In future, please think when implying about someone's work based on clues before pressing the submit button. Especially, think carefully how you decide to phrase it as it may offend someone.

Once again thanks for the advice guys!
 
If it helps my house has a room in the attic (probably converted 30 years ago) and all the floor joists are 4 x 2. They are 37mm apart so there's quite alot of them
 
If it helps my house has a room in the attic (probably converted 30 years ago) and all the floor joists are 4 x 2. They are 37mm apart so there's quite alot of them

That is the exact size as mine. They look awfully strong and I was convinced that you can floor it with no problems until I did a detailed research.

I don't know why people say that you mustn't put anything heavy in the loft as the ceiling joists cannot support it... Obviously I know you must not put stuff weighing half a tonne up there but I find it hard to believe that 4x2 joists can only take so called "light storage" which is a light as a few empty card board boxes! It seems like that everybody thinks that ceiling joists are made from a few sheets of paper. I am sure that ceiling joists can take more than 2kg! If fact, most of us have a water tank up there which weighs between 200-300kg.
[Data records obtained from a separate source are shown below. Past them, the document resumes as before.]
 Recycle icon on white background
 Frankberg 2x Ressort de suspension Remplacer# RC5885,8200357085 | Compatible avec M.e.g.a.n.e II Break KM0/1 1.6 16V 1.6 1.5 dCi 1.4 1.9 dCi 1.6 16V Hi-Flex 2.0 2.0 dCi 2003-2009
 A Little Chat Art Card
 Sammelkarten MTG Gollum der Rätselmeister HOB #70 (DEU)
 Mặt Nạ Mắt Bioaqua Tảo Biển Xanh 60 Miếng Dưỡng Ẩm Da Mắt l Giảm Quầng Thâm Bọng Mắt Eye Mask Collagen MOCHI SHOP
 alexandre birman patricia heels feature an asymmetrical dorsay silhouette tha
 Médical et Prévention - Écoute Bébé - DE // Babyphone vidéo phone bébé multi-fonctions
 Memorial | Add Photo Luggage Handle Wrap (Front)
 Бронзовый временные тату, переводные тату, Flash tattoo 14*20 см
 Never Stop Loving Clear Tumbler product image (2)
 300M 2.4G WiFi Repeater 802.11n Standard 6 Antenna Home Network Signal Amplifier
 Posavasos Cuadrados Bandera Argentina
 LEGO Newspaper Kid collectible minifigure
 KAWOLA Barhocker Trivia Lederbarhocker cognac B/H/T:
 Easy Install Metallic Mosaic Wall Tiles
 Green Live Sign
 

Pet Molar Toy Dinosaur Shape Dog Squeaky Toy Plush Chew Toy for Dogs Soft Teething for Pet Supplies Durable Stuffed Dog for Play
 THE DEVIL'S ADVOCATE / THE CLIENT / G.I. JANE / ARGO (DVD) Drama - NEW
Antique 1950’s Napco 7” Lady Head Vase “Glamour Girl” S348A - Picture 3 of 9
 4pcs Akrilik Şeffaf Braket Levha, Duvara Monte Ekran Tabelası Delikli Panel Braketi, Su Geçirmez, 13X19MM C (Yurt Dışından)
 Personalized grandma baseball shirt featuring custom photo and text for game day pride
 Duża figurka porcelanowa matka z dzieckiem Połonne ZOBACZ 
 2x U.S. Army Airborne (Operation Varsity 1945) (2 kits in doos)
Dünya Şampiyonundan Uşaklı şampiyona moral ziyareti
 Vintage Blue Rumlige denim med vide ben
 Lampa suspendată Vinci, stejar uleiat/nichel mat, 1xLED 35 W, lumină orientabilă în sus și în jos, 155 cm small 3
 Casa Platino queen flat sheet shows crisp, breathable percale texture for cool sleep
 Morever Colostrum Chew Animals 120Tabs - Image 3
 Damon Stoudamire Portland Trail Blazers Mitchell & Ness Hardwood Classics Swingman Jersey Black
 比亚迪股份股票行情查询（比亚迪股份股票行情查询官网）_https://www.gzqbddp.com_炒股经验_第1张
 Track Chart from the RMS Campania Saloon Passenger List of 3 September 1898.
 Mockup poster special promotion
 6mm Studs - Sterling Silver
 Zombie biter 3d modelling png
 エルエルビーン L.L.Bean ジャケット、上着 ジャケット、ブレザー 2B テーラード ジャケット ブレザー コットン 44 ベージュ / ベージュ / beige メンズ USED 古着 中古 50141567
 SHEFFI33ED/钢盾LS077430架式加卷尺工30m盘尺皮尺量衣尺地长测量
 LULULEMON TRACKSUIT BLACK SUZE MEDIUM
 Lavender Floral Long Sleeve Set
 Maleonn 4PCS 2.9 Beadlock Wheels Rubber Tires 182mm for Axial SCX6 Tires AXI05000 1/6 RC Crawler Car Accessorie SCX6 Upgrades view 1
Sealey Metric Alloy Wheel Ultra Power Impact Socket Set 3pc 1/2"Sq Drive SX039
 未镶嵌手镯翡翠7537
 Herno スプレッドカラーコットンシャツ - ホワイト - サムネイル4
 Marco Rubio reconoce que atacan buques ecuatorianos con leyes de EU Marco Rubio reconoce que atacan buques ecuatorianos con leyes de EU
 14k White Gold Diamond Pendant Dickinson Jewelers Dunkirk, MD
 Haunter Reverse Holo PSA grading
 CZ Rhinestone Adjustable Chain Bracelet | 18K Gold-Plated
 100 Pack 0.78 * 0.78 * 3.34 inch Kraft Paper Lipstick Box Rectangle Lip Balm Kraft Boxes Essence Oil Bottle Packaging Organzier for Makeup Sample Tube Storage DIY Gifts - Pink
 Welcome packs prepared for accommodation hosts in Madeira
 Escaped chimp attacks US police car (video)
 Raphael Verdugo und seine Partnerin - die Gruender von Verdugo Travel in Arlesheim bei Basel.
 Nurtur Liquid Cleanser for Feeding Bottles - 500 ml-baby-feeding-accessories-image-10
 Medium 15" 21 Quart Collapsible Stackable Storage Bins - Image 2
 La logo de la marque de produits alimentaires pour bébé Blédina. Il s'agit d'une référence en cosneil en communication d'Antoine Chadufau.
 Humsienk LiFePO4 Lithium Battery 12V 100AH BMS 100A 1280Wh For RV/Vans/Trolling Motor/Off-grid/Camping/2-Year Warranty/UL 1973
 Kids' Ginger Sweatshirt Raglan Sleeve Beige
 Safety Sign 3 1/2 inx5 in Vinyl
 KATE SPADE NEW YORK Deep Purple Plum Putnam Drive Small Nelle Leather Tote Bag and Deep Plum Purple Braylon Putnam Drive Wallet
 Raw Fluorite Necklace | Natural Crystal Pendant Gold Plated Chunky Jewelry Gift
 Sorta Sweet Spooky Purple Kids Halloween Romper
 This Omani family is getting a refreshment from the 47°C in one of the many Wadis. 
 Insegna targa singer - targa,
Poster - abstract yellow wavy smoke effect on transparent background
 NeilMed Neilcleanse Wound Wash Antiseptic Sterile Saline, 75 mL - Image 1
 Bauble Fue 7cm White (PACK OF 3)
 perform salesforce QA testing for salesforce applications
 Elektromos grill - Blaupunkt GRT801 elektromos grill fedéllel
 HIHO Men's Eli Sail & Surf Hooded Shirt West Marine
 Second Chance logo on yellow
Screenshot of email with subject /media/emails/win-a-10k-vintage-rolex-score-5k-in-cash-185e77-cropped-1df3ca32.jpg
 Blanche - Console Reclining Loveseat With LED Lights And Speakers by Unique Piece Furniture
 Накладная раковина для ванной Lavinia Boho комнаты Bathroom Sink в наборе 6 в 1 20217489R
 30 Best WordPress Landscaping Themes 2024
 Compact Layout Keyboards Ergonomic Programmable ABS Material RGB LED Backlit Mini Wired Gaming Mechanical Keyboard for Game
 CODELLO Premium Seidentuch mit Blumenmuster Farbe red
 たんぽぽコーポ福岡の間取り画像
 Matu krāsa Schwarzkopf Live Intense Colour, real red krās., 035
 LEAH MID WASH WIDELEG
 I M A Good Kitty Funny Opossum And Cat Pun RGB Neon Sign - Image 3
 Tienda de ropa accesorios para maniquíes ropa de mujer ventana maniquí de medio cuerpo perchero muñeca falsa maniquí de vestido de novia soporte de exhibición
I tried searching on the internet for examples where ceilings have collapsed because of excessive loft load, but could not find anything conclusive. If ceiling joists really can't make more than a few kilos, then surely everybody's ceilings in the country will be collapsing left, right and centre!

I've not floored my loft yet but I will hopefully do it next summer.
 
On the last loft conversion I done, a previous owner had laid 4x2s across the existing joists to take a floor. The ceiling didn't collapse but it did sag, about 3in at the worst point.

You need to put the right size joists in.
 
The odd thing is that our 1930's semi has 3"x2" joists on the ground floor and there is a basement underneath !

The floor has a lot of bounce in it and I will be fitting a couple of 6"x2"s in each room to reduce some of the bounce, but that has held all the furniture for the ground floor for the last 70 years.

I think to be honest the calculations are based on worse case situations such as a pair of 48 stone Americans sitting in big heavy chairs. and lots of heavy furniture. Building regulations have to account for these possibilities they can't assume that you'll never have more than two 15 stone people at any one time standing on that area. They also have to assume that you are likely to be practicing start jumps !.

So in reality you can probably get away with not going to the trouble of being to spec. But it does then raise the question of what happens if someone does hurt themselves or when you come to sell the house what happens if an inspection turns up something that isn't right it would make it mighty difficult to sell.

Personally I'm planning on making our loft space useable for tidy easy access storage, so will be boarding out the loft and insulating rafters etc. But seeing as how I am likely to store heavy books up there I will build up the the 3x2's to 6x2's as I'm not confident that it will be strong enough otherwise, and enables me to put more insulation up there. I'm not going to the trouble of steal supports or anything complicated like that.
 
When you decide on the flooring material, just a suggestion but get 1 piece.
take it home & make sure that you can actually get that piece up into the loft.

It can be very embarrassing to find that you cannot get the load of sheets you have just had cut to size up there because its too long.